The Chairman of the United Bank for Africa Plc, Mr. Tony Elumelu, has strongly commended the Federal Government and the Central Bank of Nigeria (CBN) for their efforts in stimulating the Nigerian economy, and bringing to bear a coordinated policy response that will positively jumpstart the Nigerian economy.

According to Mr Elumelu, recent actions by the Federal Government, including greater liquidity in the foreign exchange markets, have already had a positive impact on the economy, giving Nigerians and foreign investors alike hope that the nation’s economy is on the road to recovery.

Speaking during 55th Annual General Meeting of the United Bank for Africa Plc, Elumelu said, “I would like to commend the Federal Government of Nigeria and President Buhari on the launch of the economic recovery programme. The Economic Recovery and Growth Plan is a robust call to action and we look forward to its rapid implementation. We were honoured to be consulted before the launch, and I believe, as a significant investor in Nigeria, that if we all give our support to the programme, the country will quickly recover.”

Mr Elumelu added that the CBN had also implemented decisions that have helped strengthen the nation’s economy. “I also commend the CBN for the decisive way they have been managing the economy, especially the way the foreign exchange regime is responding to their targeted intervention.”

The UBA Group Chairman used the opportunity to highlight the Group’s commitment to customer service. Our Customer First programme is central to the Bank’s ambition to be the Bank of choice for all Africans. He also applauded staff and shareholders on the performance of the Bank and for their loyalty, adding that the results show that UBA had made a wise decision, by investing in other African countries outside of Nigeria.
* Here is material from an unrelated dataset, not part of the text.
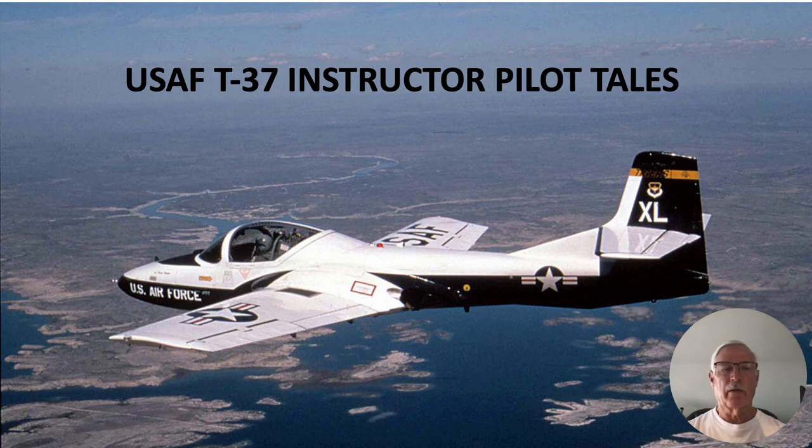Hi, my name is Ron Rogers and this video is entitled United States Air Force T-37 Instructor Pilot Tales. I was what was known as a plowback tweet instructor. Plowback means that I went through as a pilot in the Air Force and was selected to remain as an instructor — so I barely know how to fly and now I'm teaching.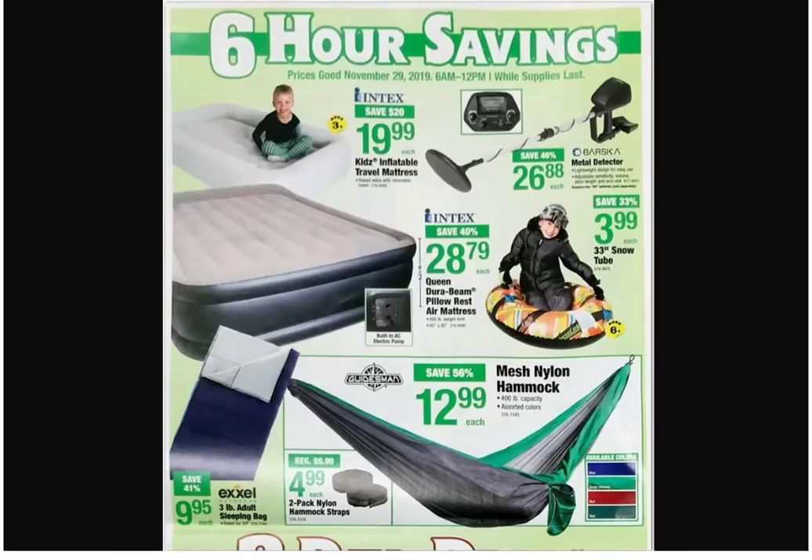It's a 40-page ad. Scooter — are you coming up here? Come on, good boy. We got air mattresses for $19.99 and a hammock — looks like a single-person cocoon style that just wraps you all up.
Addressing the shareholders at the AGM he said: “Many said we are too bold in ambitions in Africa. It is clear from these results that our strategy has been proved correct. I want you to know that by investing in UBA, you have diversified your portfolio, you have not just invested in a Nigerian bank, but have invested in a bank with earnings now coming from across Africa”.

Mr Elumelu also praised UBA’s new leadership team. “Last year we had a leadership change and a new CEO, Kennedy Uzoka was appointed, which we are formally introducing today. Let me say that Kennedy and his team have hit the ground running. At the board level, we are extremely impressed by the financial performance that they are already delivering. We all have great faith in their ability to deliver.”

Group Managing Director/Chief Executive Officer, UBA Plc, Mr. Kennedy Uzoka said: “As we deliver our Customer First Philosophy, we are approaching 2017 with stronger optimism, especially with the outlook remaining positive in most of our markets. We are aware of the macro economic challenges, competition and constantly changing customer preferences. However, we believe we are well equipped to win in the market. We will further develop our unique Pan- African platform to improve productivity, extract efficiency gains and grow our share of customers’ wallet across all business lines and markets. We will continue to build on our strong governance culture, zero-tolerance for infractions and transparency in furthering our frontiers of leadership in the African market.”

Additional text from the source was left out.